(Material for this task Opens)

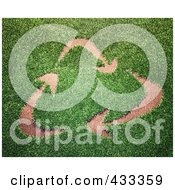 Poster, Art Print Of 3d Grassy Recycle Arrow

(Material for this task Closes)
(Material for this task Opens)

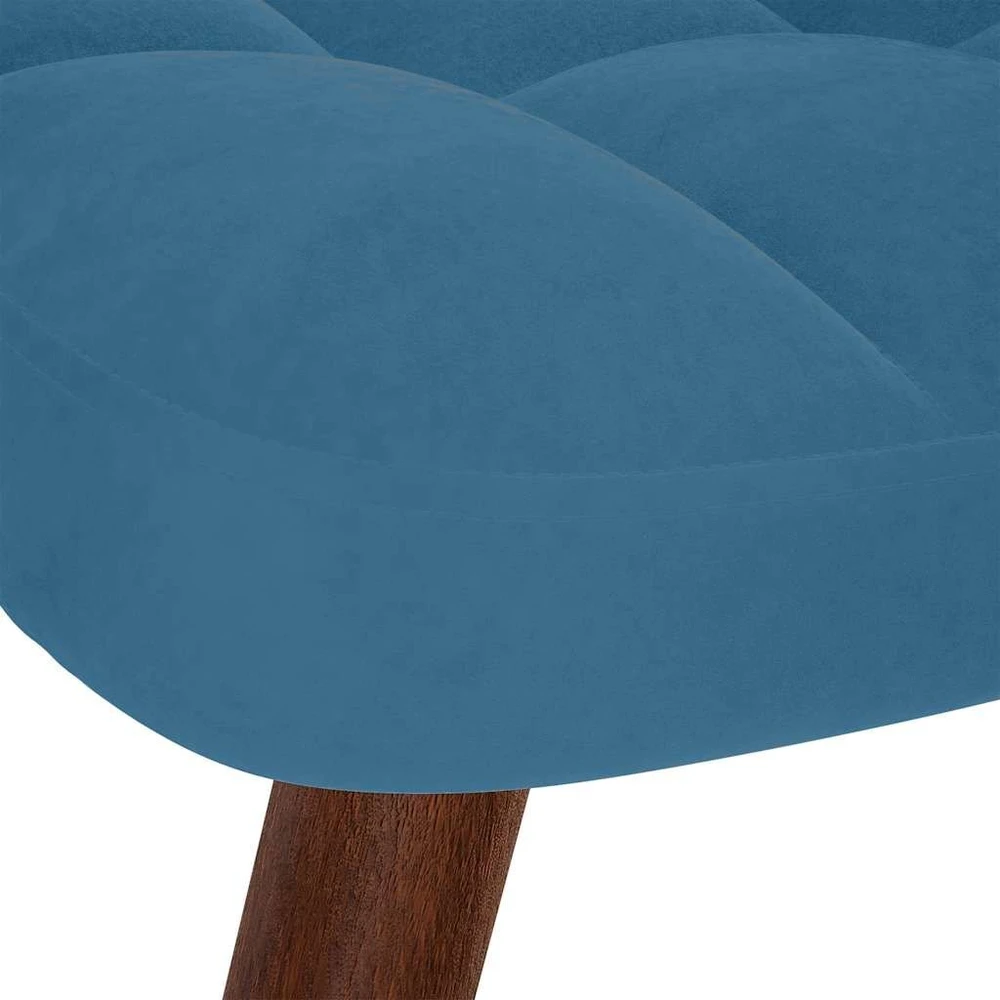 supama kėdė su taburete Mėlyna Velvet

(Material for this task Closes)
(Material for this task Opens)

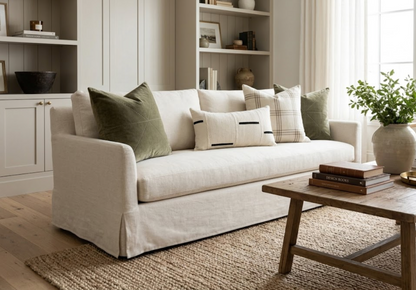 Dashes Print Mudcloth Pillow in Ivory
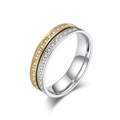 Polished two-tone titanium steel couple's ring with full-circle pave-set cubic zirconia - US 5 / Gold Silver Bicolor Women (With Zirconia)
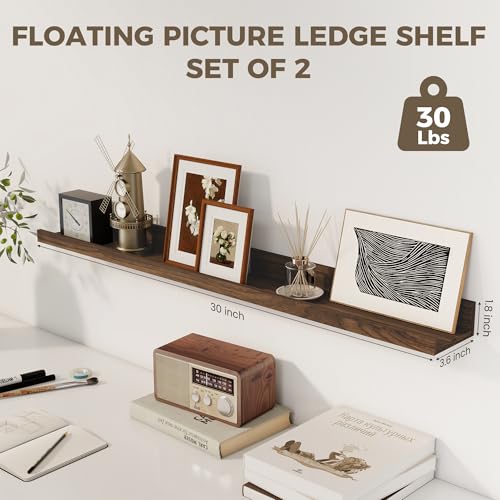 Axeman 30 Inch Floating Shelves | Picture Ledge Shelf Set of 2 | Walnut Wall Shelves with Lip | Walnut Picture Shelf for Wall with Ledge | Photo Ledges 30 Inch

(Material for this task Closes)

◆ Problem to work on ◆
Look above for the line with "Dashes Print Mudcloth Pillow in Ivory" and the line with "Axeman 30 Inch", then copy them and all lines in between exactly as written, and only those, without any pictures.

◆ Answer area ◆
 Dashes Print Mudcloth Pillow in Ivory
 Polished two-tone titanium steel couple's ring with full-circle pave-set cubic zirconia - US 5 / Gold Silver Bicolor Women (With Zirconia)
 Axeman 30 Inch Floating Shelves | Picture Ledge Shelf Set of 2 | Walnut Wall Shelves with Lip | Walnut Picture Shelf for Wall with Ledge | Photo Ledges 30 Inch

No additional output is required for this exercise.